Michael-Marc Bounchard, canadese, si avvicinò ben presto alla scrittura per teatro: aveva appena 14 anni quando andò, per la prima volta, in tour con uno dei suoi pezzi.
«Tom auf dem Lande» fu presentato, per la prima volta, proprio a Saarbrücken, nell’ambito del Festival Primeurs (2011). Pochi anni dopo, nel 2013, viene trasporto cinematograficamente da Xavier Dolan, ricevendo, al LXX Festival del Cinema di Venezia, il Premio FIBRESCI.
Nella ripresa del 2018/2019 del Saarlaendisches Staatstheater, il regista Max Claessen, decide di creare, con Miriam Benkner (Accessori) e Gaby Muller (costumi), uno spazio trombe d’oeil: un cubo bianco che canalizza, contiene e blocca l’azione scenica.
Tom (Konstatin Rommelfangen), si reca in campagna, per partecipare al funerale dell’uomo da lui amato. L’unico a conoscere la verità è il fratello del defunto, Frances (Pitt Simon), un contadino dalle forme e la delicatezza di un orso. La madre, Agathe (Christiane Motter), non ha alcuna idea delle preferenze sessuali del figlio, anzi, è convinta che il figlio stesse assieme a Ellen, fantomatica inglese.
Così, al funerale, si stupisce, che la donna non si presenti. Nella semplicità dei suoi sentimenti una presenza sarebbe necessaria e dovuta. Agathe teme, che ci sia qualcosa che le sfugge. Si stupisce di se, del suo modo di reagire all’arrivo di Tom, e dopo della collega di Tom, Sara, che si spaccia per Ellen. Scoprirà la verità, solo quando leggerà i quaderni del figlio defunto e si renderà conto del suo orientamento sessuale nonché di quale evento tragico lo abbia portato a lasciare la campagna e scappare in città.
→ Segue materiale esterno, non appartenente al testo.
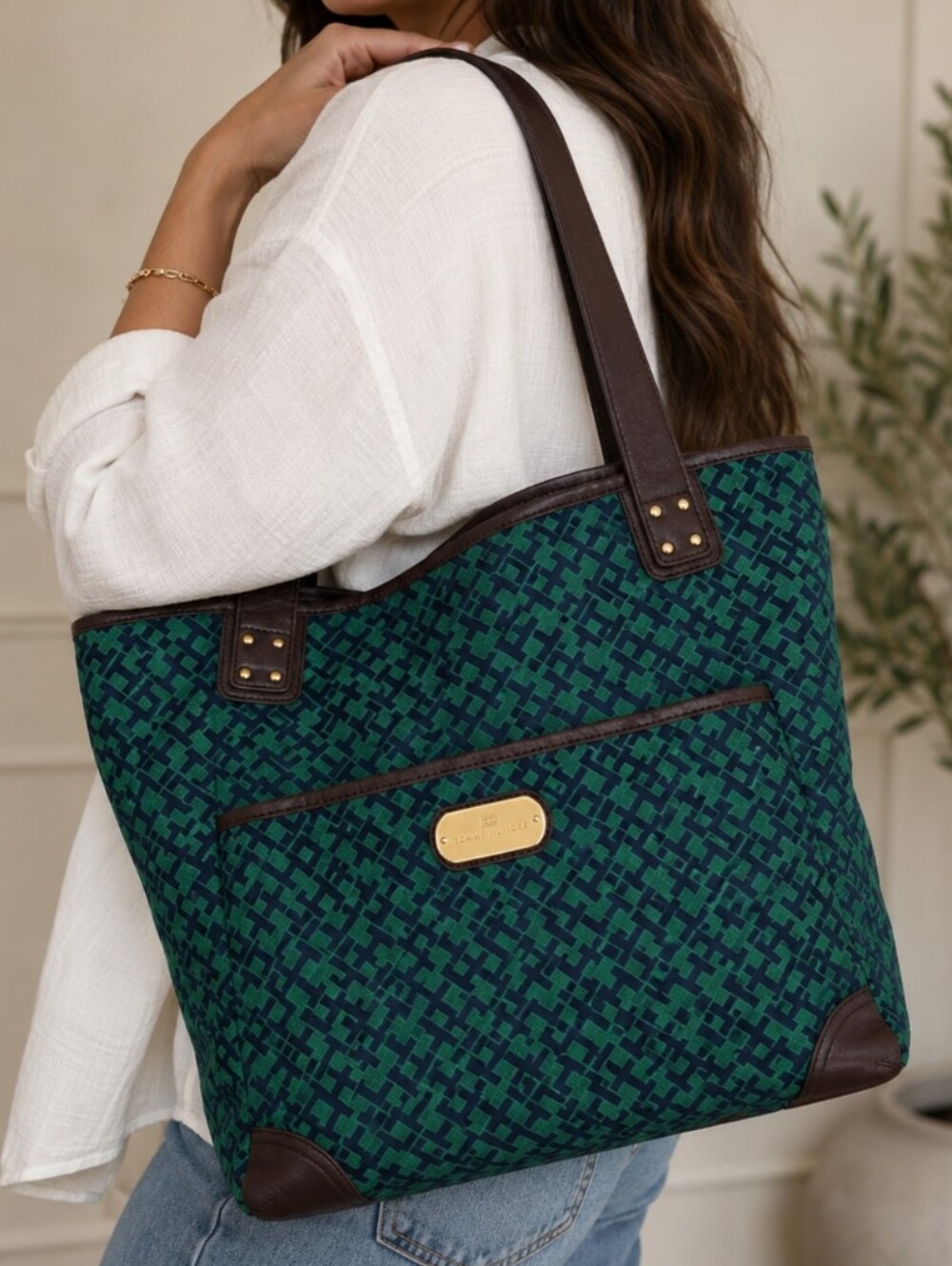 Tommy Hilfiger Signature Monogram Handbag/Tote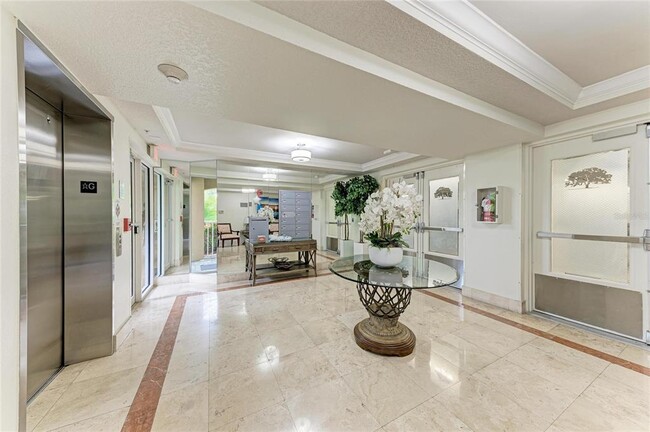 Building Photo - 5200 Manorwood Dr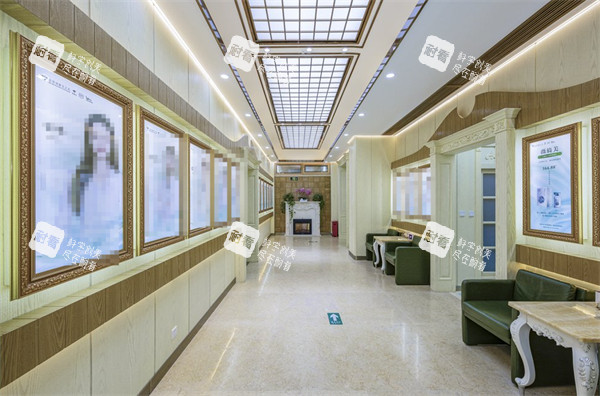 北京润美玉之光医疗美容走廊环境图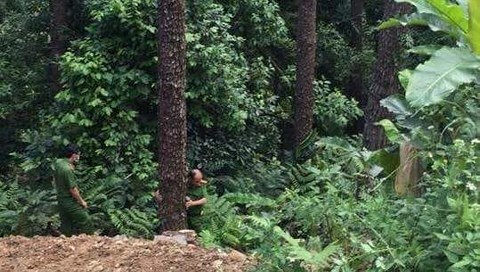 Xe máy lao xuống vực sâu gần 100m ở Tam Đảo, đôi nam nữ thương vong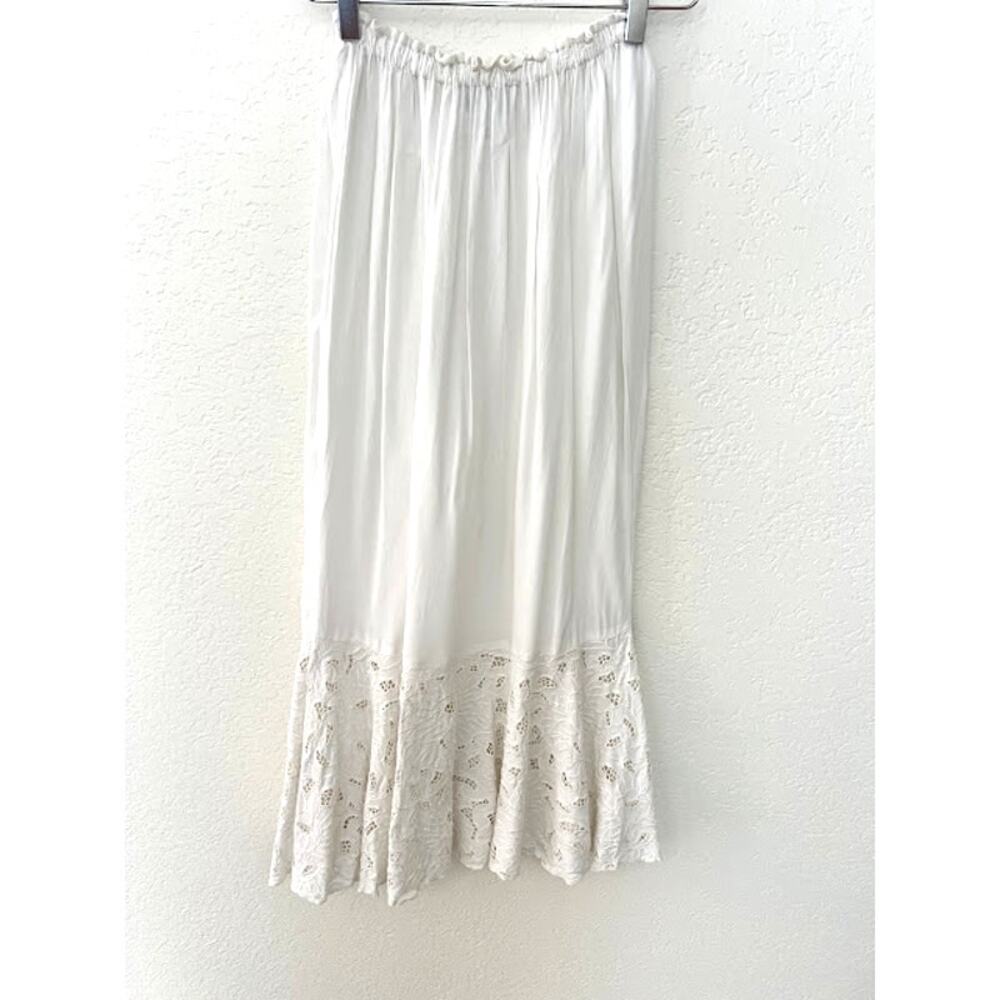 Surya Women's White Embroidered Eyelet Lace Pull On Maxi Skirt M Boho Chic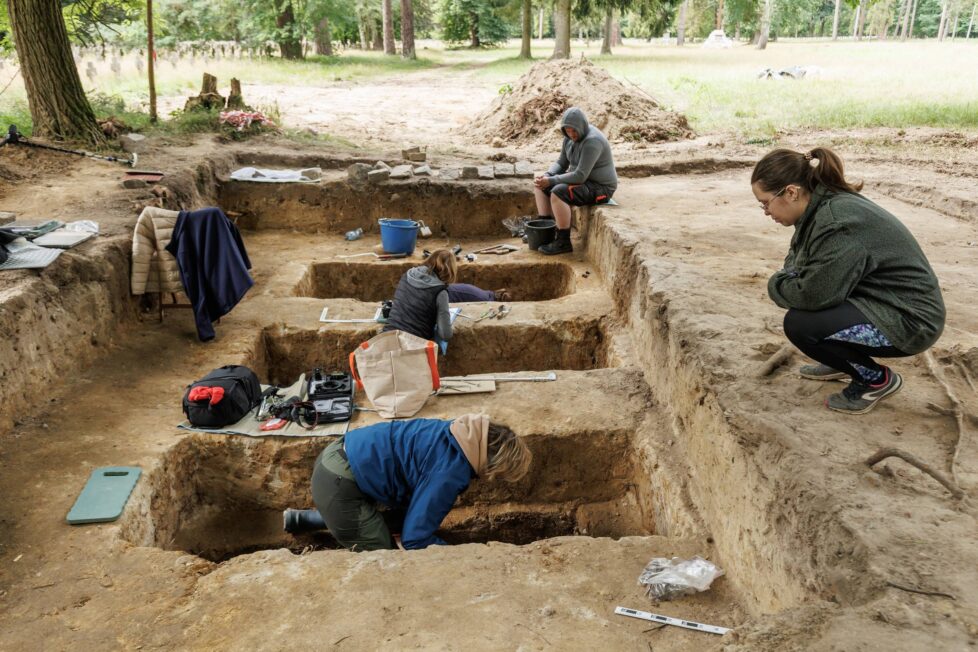Eksploracja grobów polskich żołnierzy zmarłych w Lamsdorf podczas II wojny światowej (fot. D. Frymark / CMJW)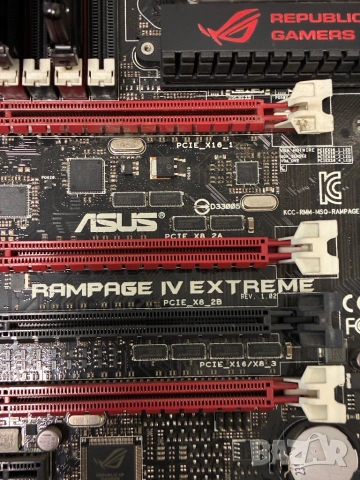 Дънна Платка: Asus ROG Rampage IV Extreme+ intel i7 3930k+ 16GB DDR, снимка 2 - Дънни платки - 53021243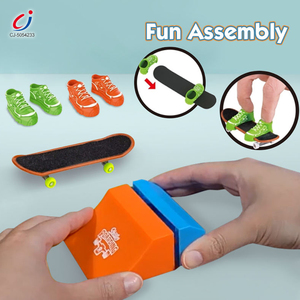 Chengji <span class=keywords><strong>Mini</strong></span> jouet doigt planche à roulettes <span class=keywords><strong>rampe</strong></span> en plastique jeu <span class=keywords><strong>de</strong></span> bureau Cool conception scène enfant garçon voiture Garage stockage jouet - Product Image 2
È un mondo fatto di bugie, castelli di carta, assunzioni riflessioni. Un mondo che Claessen presenta con violenza, nudità a crudezza. Un mondo, che ricorda l’intangibile realtà di Peter Brooke, ma non solo. Il vero protagonista, della piece, è il defunto, in grande assente/presente con cui e di cui si parla dall’inizio alla fine e che, anche da defunto, continua a farsi beffa dei sentimenti degli altri, statuendo, in maniera esemplare la propria egomania.